***** EXERCISE INPUTS *****

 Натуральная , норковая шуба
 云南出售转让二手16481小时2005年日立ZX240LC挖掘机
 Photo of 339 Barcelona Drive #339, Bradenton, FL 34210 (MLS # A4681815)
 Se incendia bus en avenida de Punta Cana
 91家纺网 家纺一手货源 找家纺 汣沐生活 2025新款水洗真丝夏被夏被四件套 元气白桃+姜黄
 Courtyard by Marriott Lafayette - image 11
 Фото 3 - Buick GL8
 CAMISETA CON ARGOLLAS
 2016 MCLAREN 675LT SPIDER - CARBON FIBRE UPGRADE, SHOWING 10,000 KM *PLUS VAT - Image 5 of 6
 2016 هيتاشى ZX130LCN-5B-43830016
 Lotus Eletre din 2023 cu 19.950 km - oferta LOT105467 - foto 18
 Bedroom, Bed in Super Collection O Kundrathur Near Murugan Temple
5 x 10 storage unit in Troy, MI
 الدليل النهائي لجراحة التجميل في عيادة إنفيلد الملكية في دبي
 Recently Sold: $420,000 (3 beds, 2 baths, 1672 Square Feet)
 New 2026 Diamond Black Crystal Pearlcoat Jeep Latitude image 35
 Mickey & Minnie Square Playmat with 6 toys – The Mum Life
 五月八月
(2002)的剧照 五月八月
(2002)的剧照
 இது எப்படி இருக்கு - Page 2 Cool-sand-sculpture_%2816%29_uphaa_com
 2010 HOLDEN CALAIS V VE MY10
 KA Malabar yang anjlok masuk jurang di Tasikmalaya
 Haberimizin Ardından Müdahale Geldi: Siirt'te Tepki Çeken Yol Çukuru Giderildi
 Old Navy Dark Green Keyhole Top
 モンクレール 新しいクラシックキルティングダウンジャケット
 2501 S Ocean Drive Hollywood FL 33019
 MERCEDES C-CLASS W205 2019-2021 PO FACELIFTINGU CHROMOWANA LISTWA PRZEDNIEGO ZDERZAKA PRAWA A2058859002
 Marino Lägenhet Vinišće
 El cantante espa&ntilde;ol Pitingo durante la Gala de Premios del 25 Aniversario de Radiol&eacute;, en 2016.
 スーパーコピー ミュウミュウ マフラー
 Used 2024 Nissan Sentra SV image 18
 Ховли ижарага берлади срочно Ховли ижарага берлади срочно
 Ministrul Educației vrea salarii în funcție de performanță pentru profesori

*****

§ **ABOUT THIS EXERCISE**:
Each line from the one containing "Haberimizin Ardından Müdahale" through the end of the entries, both included, is to be returned exactly, with no other lines.

§ **EXERCISE ANSWER**:
 Haberimizin Ardından Müdahale Geldi: Siirt'te Tepki Çeken Yol Çukuru Giderildi
 Old Navy Dark Green Keyhole Top
 モンクレール 新しいクラシックキルティングダウンジャケット
 2501 S Ocean Drive Hollywood FL 33019
 MERCEDES C-CLASS W205 2019-2021 PO FACELIFTINGU CHROMOWANA LISTWA PRZEDNIEGO ZDERZAKA PRAWA A2058859002
 Marino Lägenhet Vinišće
 El cantante espa&ntilde;ol Pitingo durante la Gala de Premios del 25 Aniversario de Radiol&eacute;, en 2016.
 スーパーコピー ミュウミュウ マフラー
 Used 2024 Nissan Sentra SV image 18
 Ховли ижарага берлади срочно Ховли ижарага берлади срочно
 Ministrul Educației vrea salarii în funcție de performanță pentru profesori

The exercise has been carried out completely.